In 1980 and 1981, M.S.E. rented a building from plaintiff under a lease which is not involved in this suit.

Sometime after 1980, and before 1983, the defendant Joe Haynie was employed by *922 M.S.E. as production manager, and, in May, 1984, was promoted to president succeeding Buryl McClung.

During this period, Louis Haynie acquired part of the stock of M.S.E. and transferred some M.S.E. stock to Joe Haynie.

First American National Bank (F.A.N.B.) was the finance source of M.S.E. Virtually all of the assets of M.S.E. were encumbered to the bank by security agreement. In 1982 or 1983, M.S.E. defaulted on its obligation to F.A.N.B., at which time Louis Haynie guaranteed the debt of M.S.E. to F.A.N.B. to prevent foreclosure and acquired sufficient shares of M.S.E. to produce 50% ownership of the stock of M.S.E. Louis Haynie became a director and Chairman of the Board of M.S.E.

The guaranty of Louis Haynie secured a debt of approximately $225,000 which grew to approximately $650,000.00.

F.A.N.B. continued to hold a security interest in the property and receivables of M.S.E.

In 1984 or 1985, plaintiff and Buryl McClung, acting for M.S.E., negotiated a new lease on a larger building, which lease is the foundation of the present suit. On March 14, 1985, the new lease was executed by plaintiff and Joe Haynie as president of M.S.E. Although the previous lease had been secured by guarantors, the March 14, 1985 lease contained no guarantors.

Contemporaneously with the execution of the lease, M.S.E. executed a note to plaintiff for $10,000 for improvements made by plaintiff in the leased premises. This note is also a subject of the present suit.

In March 1987, plaintiff notified M.S.E. of default and forfeiture of leasehold for failure to pay rent and other obligations. On March 24, 1987, Louis Haynie wrote plaintiff on the letterhead of Louis M. Haynie, Attorney at Law, in pertinent part as follows:

Also, we are sorry for the inconvenience caused you in those cases in which the rent checks were late, and we feel we can avoid this in the future.
... .
In any event, please rescind your attempted forfeiture immediately and we will bring all payments current. We hesitate to pay you before you do this because we refuse to consent to your declaration of forfeiture.
... .
Sincerely, /s/ Louis M. Haynie

On August 10, 1987, after further default, plaintiff wrote Louis Haynie requesting written acknowledgement of personal responsibility for rent, which request was refused.
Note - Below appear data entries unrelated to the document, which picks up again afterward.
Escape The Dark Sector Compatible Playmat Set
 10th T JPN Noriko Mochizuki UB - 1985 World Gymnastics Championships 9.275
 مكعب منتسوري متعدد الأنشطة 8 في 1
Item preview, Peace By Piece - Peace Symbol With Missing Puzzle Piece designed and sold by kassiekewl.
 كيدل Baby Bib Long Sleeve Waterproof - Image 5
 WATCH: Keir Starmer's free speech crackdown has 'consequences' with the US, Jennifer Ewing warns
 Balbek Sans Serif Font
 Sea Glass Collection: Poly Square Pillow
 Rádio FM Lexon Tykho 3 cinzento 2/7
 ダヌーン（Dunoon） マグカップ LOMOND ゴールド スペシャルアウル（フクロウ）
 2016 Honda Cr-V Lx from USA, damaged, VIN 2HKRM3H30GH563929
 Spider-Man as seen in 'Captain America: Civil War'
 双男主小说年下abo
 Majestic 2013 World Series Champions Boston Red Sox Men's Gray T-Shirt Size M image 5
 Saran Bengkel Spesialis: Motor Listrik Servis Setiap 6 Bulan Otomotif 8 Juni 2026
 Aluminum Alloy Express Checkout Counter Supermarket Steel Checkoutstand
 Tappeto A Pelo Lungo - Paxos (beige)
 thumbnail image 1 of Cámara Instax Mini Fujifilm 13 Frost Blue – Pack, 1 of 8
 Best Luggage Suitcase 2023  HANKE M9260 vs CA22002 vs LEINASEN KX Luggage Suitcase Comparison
On or about August 15, 1987, M.S.E. sold at auction all its unneeded, encumbered assets and paid the proceeds to F.A.N.B.

In September, 1987, Louis Haynie as sole stockholder, contributing $10,000 capital, formed a Kentucky Corporation named Aquafirm Systems, Inc. (A.S.I.). The unsold, encumbered assets of M.S.E. were moved to Bowling Green, Kentucky and used by A.S.I. in its operations with the knowledge and consent of F.A.N.B. which re-perfected its security interest in Kentucky and required A.S.I. to guarantee the debt of M.S.E. to F.A.N.B.

Payments on accounts receivable of M.S.E., in which F.A.N.B. held a security interest, were collected and shared by F.A.N.B. and A.S.I. under an agreement for financing operations of A.S.I.

In January, 1988, F.A.N.B. seized all assets of A.S.I. and M.S.E. and sold same, crediting the proceeds on the debts of A.S.I. and M.S.E. to the bank.

The damages due plaintiff from M.S.E. for breach of the lease and default on the note are stipulated to be $140,584.87.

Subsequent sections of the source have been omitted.